We got more honks than usual—easy toots for peace.

Across the street, the coltish ballerinas pranced and pirouetted behind the glass doors of the old garage turned modern dance studio.

A few high school guys, a military recruiter’s dream, hung out at the Union 76 gas station/food mart. Once, 10 years ago, a real mechanic changed oil and filters there; he didn’t sell lattés and Doritos.

We, largely a gray-haired lot, brandished our peace signs so that the loitering boys wouldn’t have to fight for oil and Union 76 in some distant, searing desert.

We got a lot of support from passers-by, but a burly, goggled biker on a growling, bronze and buff Harley flipped me off with a raised, black-leathered middle finger.

Glad he saw me, I thought.

No, the truly dangerous commuters were the multi-taskers on cell-phones who felt compelled to talk AND flash us the V—with the one remaining hand that should have been on the wheel.

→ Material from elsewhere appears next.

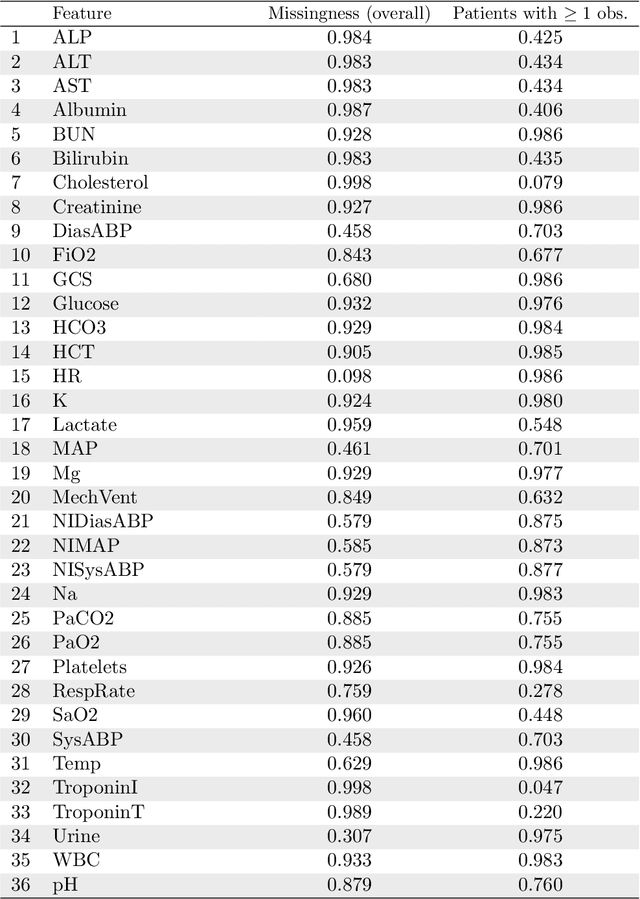 Figure 2 for Handling Non-ignorably Missing Features in Electronic Health Records Data Using Importance-Weighted Autoencoders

The sign in front of the high school announced that the “community clean-up” scheduled for tomorrow has been canceled. No room on the sign for a reason. Could our community, like an oven, now be self-cleaning? If only.

The best news is that Jerrod, the Hillsdale Marine stationed in Iraq, is wending his way home aboard a ship cruising to Australia.

I got the word from his grandmother, a vigil regular. Safe though Jerrod is, she continues to come, hoisting the “Honk for Peace” sign I gave her back in February when 6 p.m. was dark and cold and sodden.

Her presence inspires us to keep our Friday vigil at Sunset and Capitol, to insist that all our Jerrods—and Janes—be brought home in the name of peace.